(Directions for this task) Provide a character-exact reproduction of the lines from the line with "2018 Lucky Cat" to the end of the entries.

Short web captions:
+--

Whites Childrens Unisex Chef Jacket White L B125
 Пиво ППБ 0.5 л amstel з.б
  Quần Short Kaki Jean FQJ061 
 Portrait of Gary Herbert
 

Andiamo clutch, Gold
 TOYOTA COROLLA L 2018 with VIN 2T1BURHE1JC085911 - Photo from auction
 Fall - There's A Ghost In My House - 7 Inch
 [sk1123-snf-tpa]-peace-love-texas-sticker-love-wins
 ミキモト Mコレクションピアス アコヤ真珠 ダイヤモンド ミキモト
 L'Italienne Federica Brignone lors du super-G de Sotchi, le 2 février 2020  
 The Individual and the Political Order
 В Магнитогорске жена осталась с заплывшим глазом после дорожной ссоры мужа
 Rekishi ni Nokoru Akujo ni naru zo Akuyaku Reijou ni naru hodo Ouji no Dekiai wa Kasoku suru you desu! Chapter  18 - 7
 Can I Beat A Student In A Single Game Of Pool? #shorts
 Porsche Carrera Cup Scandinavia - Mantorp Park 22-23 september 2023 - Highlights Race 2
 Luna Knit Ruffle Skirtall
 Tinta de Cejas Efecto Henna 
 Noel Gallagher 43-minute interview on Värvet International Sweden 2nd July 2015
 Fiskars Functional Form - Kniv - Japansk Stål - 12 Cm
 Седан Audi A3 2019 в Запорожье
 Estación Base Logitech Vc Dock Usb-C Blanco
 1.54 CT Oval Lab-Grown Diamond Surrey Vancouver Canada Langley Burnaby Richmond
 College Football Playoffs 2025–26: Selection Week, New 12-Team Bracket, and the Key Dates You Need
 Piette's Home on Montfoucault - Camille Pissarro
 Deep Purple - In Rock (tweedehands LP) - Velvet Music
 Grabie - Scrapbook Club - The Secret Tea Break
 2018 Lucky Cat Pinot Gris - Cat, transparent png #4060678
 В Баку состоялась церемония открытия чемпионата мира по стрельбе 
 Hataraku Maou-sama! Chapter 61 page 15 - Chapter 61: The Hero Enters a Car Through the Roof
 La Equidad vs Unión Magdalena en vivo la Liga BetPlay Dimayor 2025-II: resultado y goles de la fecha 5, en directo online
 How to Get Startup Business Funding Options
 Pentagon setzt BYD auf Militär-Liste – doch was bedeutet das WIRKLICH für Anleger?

+--

(Written response)
 2018 Lucky Cat Pinot Gris - Cat, transparent png #4060678
 В Баку состоялась церемония открытия чемпионата мира по стрельбе 
 Hataraku Maou-sama! Chapter 61 page 15 - Chapter 61: The Hero Enters a Car Through the Roof
 La Equidad vs Unión Magdalena en vivo la Liga BetPlay Dimayor 2025-II: resultado y goles de la fecha 5, en directo online
 How to Get Startup Business Funding Options
 Pentagon setzt BYD auf Militär-Liste – doch was bedeutet das WIRKLICH für Anleger?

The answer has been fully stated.